The CH2.INV() function is used to calculate confidence intervals of the normal distribution variance.

The XI2.INV.RT() function is used to calculate , i.e. if a significance level is specified as an argument of the function, for example, 0.05, then the function will return such a value of the random variable x, for which P(X>x)=0.05. As a comparison: the function XI2.INV() will return such a value of the random variable x, for which P(X<=x}=0,05.

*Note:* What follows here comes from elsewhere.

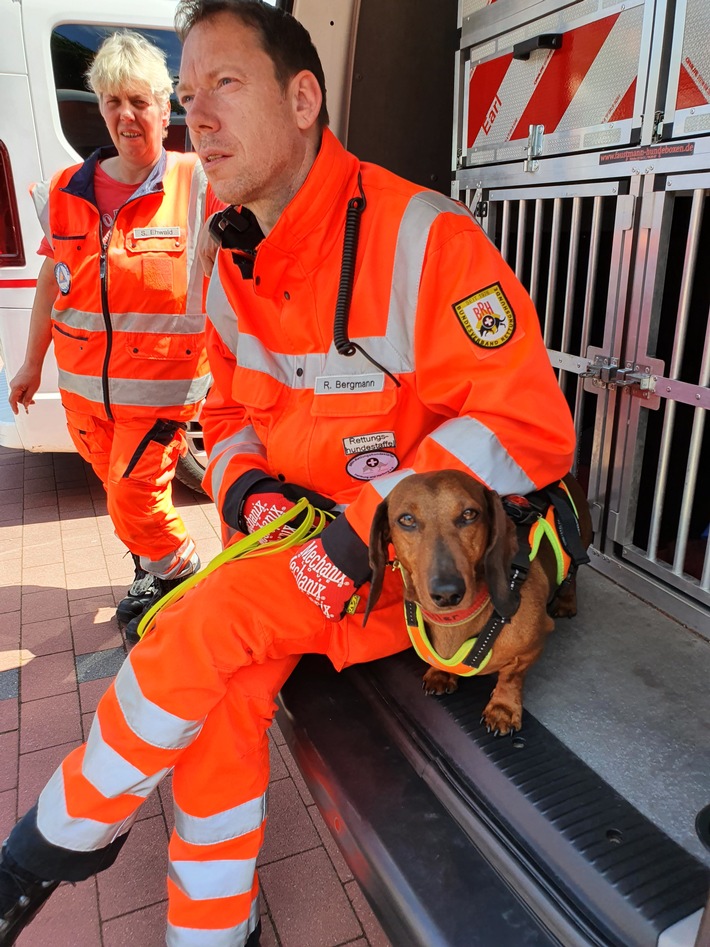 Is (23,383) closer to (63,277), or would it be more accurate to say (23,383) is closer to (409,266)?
(63,277)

In MS EXCEL 2007 and earlier, instead of XI2.OBR.RT(), the XI2OBR() function was used.

The above functions can be interchanged, as the following formulas return the same result:
=CHI.OBR(alpha,n)
=XI2.INV.RT(1-alpha;n)
\u003d XI2OBR (1-alpha; n)

Some calculation examples are given in example file on the Functions sheet.

MS EXCEL functions using the chi2 distribution

Below is the correspondence between Russian and English function names:
HI2.DIST.PH() - eng. name CHISQ.DIST.RT, i.e. CHI-SQuared DISTribution Right Tail, the right-tailed Chi-square(d) distribution
XI2.OBR () - English. name CHISQ.INV, i.e. CHI-Squared distribution INVerse
HI2.PH.OBR() - English. name CHISQ.INV.RT, i.e. CHI-SQuared distribution INVerse Right Tail
HI2DIST() - eng. name CHIDIST, function equivalent to CHISQ.DIST.RT
HI2OBR() - eng. the name CHIINV, i.e. CHI-Squared distribution INVerse

Estimation of distribution parameters

Because usually chi2 distribution used for the purposes of mathematical statistics (calculation confidence intervals, hypothesis testing, etc.) and almost never for constructing models of real values, then for this distribution, the discussion of estimating the distribution parameters is not carried out here.

Approximation of the XI2 distribution by the normal distribution

With the number of degrees of freedom n>30 distribution X 2 well approximated normal distribution co averageμ=n and dispersion σ=2*n (see example file sheet Approximation).